3 Twitter Strategies for Solopreneurs to Avoid

by Michele on August 31, 2011

Twitter Strategies for Solopreneurs to avoid

Twitter Strategies for Solopreneurs to avoid

There’s a few things that are unique to solopreneur businesses, and one of them is that we need to be super-efficient with time, money and energy.  Every activity we choose to do has to pull it’s own weight in terms of results.  This applies to social media as well, and Twitter is no exception.

Twitter is a great platform for your business and I use it a lot (@themichelec).  I would encourage many solopreneur business owners to consider jumping in, but note that it may not be effective for every business.  That’s where strategy comes in.  Before you start tweeting, you’ll need to know what you hope to accomplish by being on Twitter.  When I post this question to people who are new to strategic thinking and social media strategy, the answer is almost always something like “more sales,” “more customers,” “more contracts,” etc, and while of course that’s almost always the end goal of any business strategy there are steps in between that lead from tweet to customer.  Twitter strategies for solopreneurs might include things like branding, education, establishing expertise, building the “know-like-trust” factor and enticing people do something like click a link.

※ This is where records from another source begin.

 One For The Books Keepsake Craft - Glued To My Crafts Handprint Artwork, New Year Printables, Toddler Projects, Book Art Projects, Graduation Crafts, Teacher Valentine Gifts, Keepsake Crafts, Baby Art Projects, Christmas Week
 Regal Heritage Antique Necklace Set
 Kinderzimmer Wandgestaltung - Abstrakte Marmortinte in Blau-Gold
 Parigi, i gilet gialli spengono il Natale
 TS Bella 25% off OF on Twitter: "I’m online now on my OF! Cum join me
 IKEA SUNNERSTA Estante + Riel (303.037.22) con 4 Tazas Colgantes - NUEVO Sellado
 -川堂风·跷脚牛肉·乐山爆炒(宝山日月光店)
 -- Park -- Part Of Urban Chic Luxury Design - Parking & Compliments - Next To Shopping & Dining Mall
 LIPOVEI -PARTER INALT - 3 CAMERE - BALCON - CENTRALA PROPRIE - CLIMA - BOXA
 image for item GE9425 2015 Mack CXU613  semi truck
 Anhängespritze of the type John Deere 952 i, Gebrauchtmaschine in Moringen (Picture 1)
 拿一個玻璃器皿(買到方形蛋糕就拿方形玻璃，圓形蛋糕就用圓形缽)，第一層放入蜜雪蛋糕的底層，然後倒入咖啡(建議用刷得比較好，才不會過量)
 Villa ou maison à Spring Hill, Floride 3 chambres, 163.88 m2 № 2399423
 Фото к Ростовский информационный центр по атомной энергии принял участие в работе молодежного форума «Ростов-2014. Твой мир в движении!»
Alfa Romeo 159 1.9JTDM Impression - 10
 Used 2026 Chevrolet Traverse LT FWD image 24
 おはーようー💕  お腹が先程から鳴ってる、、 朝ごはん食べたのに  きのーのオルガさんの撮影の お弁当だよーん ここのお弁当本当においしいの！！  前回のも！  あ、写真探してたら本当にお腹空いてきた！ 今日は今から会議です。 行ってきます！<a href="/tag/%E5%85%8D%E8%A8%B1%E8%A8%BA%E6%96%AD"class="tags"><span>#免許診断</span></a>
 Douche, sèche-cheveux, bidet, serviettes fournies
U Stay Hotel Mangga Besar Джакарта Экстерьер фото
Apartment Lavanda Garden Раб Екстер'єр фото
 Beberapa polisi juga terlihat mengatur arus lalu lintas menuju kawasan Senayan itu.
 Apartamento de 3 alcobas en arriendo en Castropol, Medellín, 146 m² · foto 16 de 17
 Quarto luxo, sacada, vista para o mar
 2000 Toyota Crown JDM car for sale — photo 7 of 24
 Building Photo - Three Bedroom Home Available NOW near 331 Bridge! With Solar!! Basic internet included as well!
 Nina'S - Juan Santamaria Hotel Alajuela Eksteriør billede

Twitter strategy is a huge topic, and there’s no way to cover it in one article.  To get you started, here’s a list of 3 strategies to avoid at all cost:

  1. Not having a plan at all.  You’ll end up wasting time and not seeing results.  Your strategy will evolve as you learn the ropes, but have at least some ideas going in of what you want to accomplish.  Make sure your goals can be measured so you know if your efforts are paying off.
  2. Tweet nothing but things for sale. Twitter is a social platform, not a classifieds listing.  The only time this might be appropriate is for businesses whose main function is deals, discounts, coupons, etc.  It’s fine to offer things for sale in some tweets, but generally most of your tweets should not be just about sales.  I’ve heard figures of 10% to 20% as a good target for the percentage of tweets that are just sales related.
  3. Ignore the social aspect of Twitter and just broadcast your messages. Twitter is a platform that lets people interact and that’s an important activity to include to have any degree of success.  Make it a point to respond to someone, retweet them, answer a question, mention someone at least a few times a day.

If you see yourself in this list, don’t panic just change course!  The Twitterverse is huge, so even if you’ve blown it with your current followers there’s plenty more people to connect with.